==== Given information ====
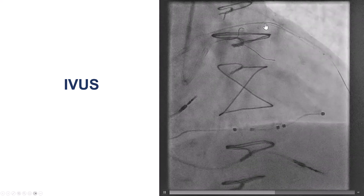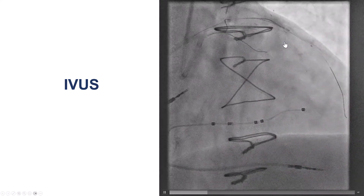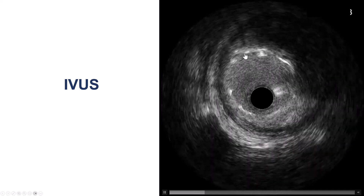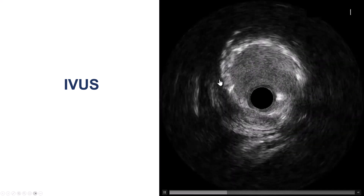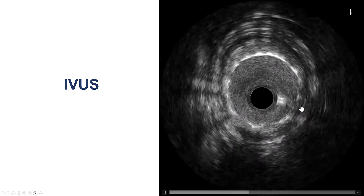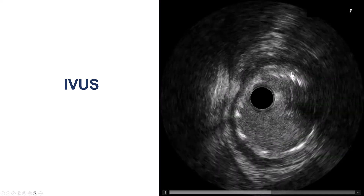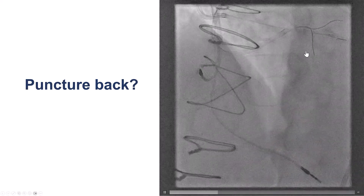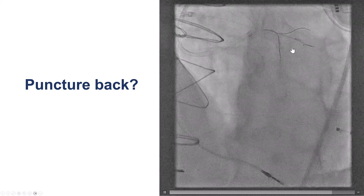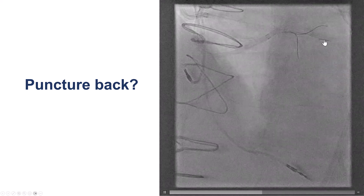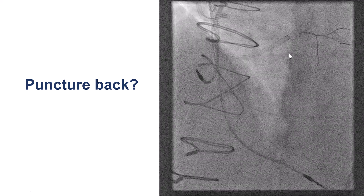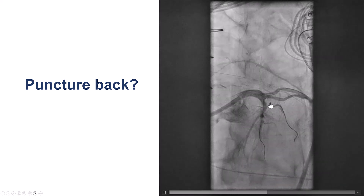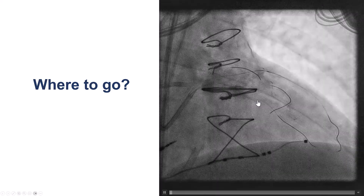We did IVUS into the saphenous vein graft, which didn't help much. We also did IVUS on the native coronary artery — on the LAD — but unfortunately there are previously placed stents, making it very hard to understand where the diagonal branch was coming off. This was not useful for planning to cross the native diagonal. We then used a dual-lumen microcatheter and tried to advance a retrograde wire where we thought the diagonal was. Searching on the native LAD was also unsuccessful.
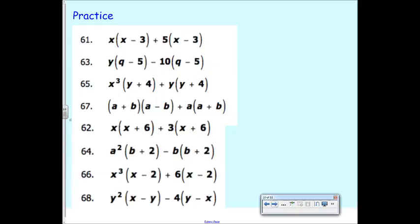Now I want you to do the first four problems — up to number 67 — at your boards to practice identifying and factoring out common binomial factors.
====
==== Given information ====
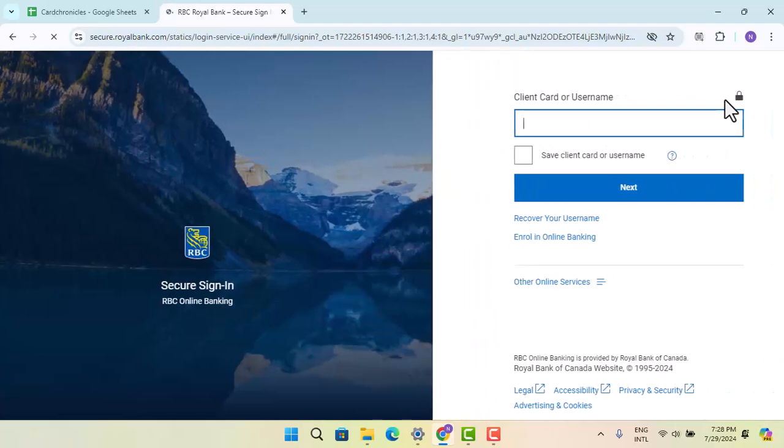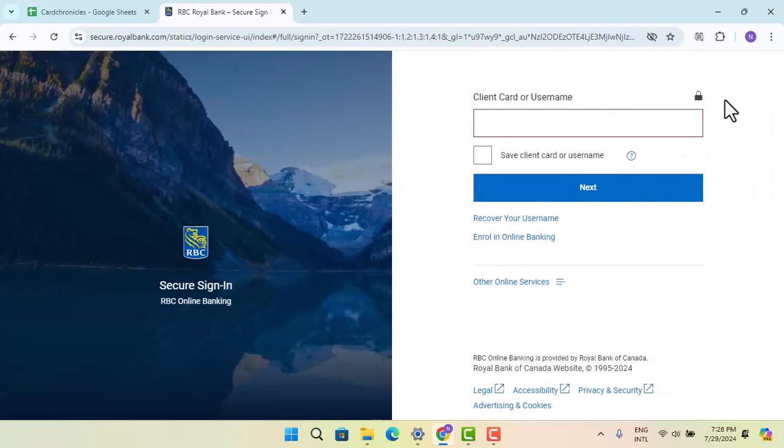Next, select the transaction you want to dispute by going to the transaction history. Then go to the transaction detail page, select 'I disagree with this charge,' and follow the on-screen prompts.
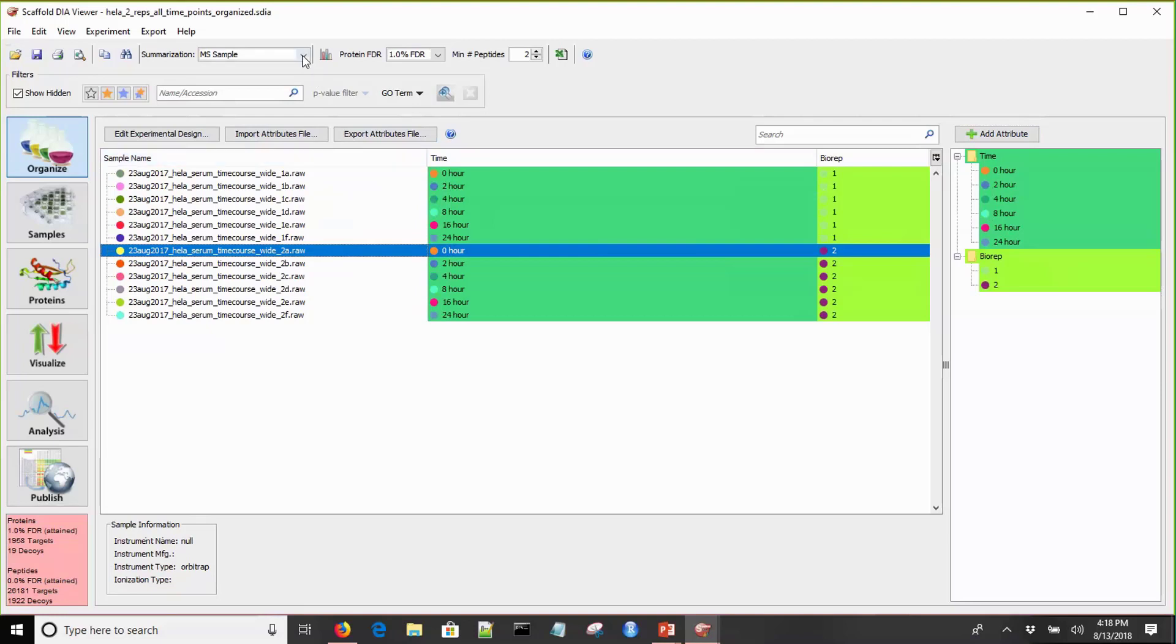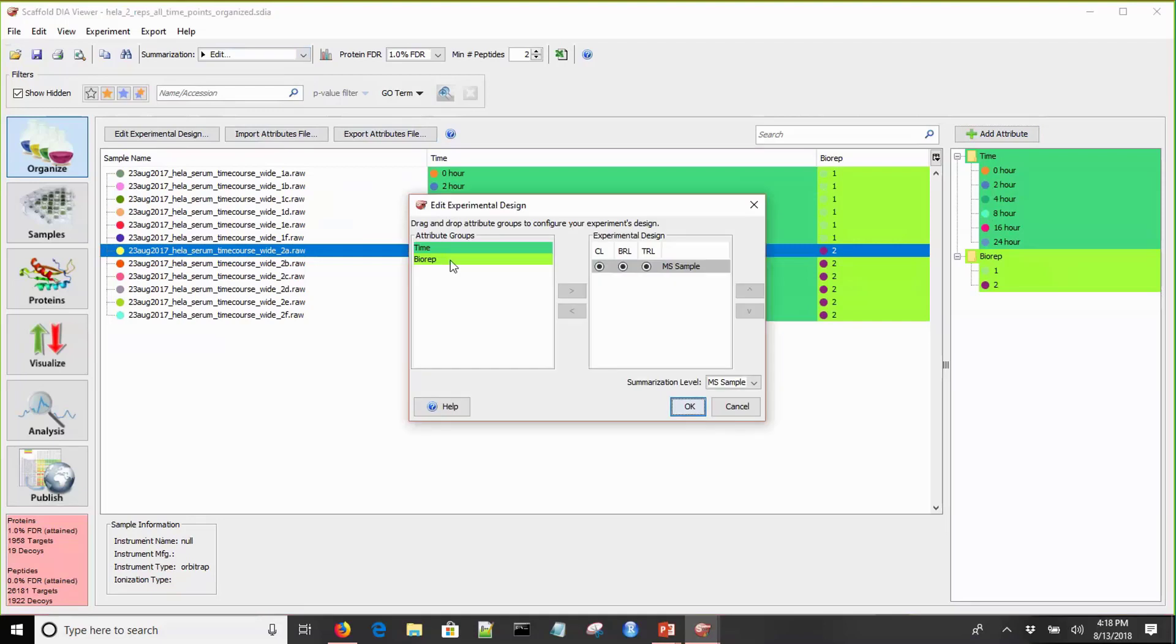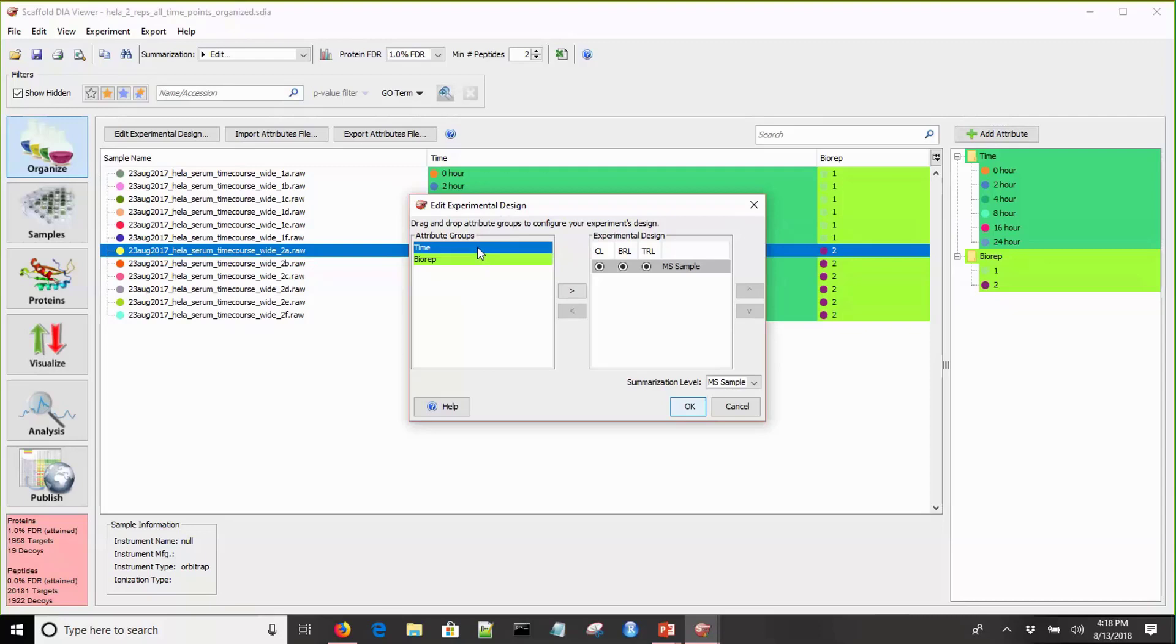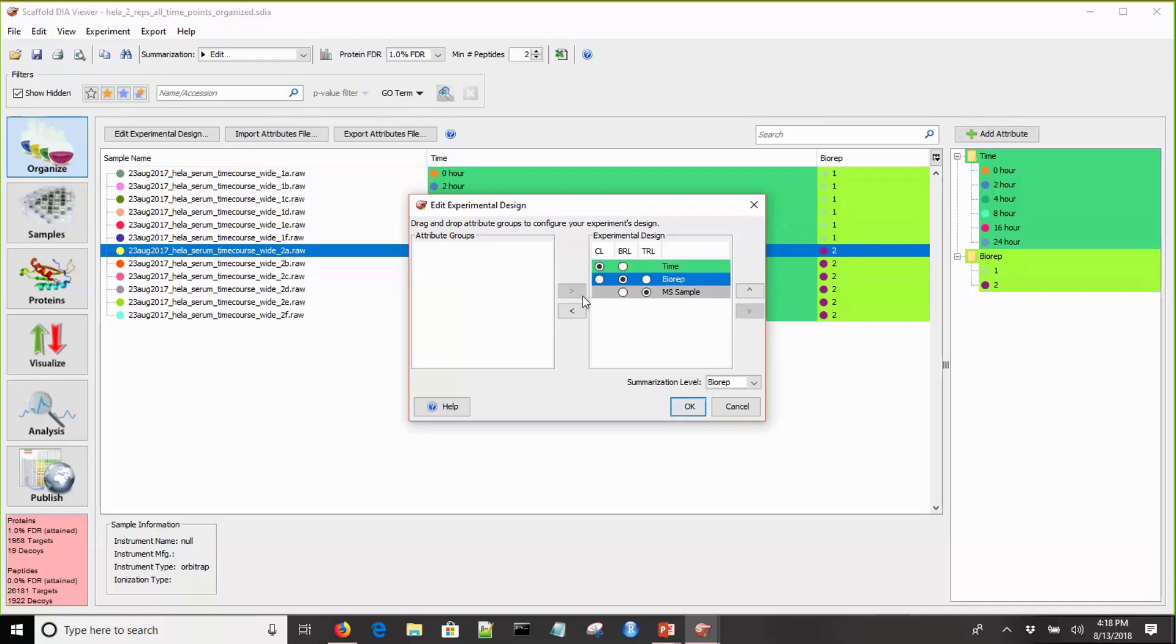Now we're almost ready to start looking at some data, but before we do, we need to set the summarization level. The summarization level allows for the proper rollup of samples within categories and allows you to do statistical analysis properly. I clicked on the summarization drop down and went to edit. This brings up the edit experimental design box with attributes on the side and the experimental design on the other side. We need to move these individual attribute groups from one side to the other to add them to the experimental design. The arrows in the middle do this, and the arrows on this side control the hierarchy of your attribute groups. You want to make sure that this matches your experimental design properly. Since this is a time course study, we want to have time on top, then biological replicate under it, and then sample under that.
====
## Problem to solve
Repeat the lines above exactly, beginning with the one containing "We did IVUS" and finishing with the one containing "Now I want you". No pictures belong in the copy.

## Task answer
We did IVUS into the saphenous vein graft, which didn't help much. We also did IVUS on the native coronary artery — on the LAD — but unfortunately there are previously placed stents, making it very hard to understand where the diagonal branch was coming off. This was not useful for planning to cross the native diagonal. We then used a dual-lumen microcatheter and tried to advance a retrograde wire where we thought the diagonal was. Searching on the native LAD was also unsuccessful.
Now I want you to do the first four problems — up to number 67 — at your boards to practice identifying and factoring out common binomial factors.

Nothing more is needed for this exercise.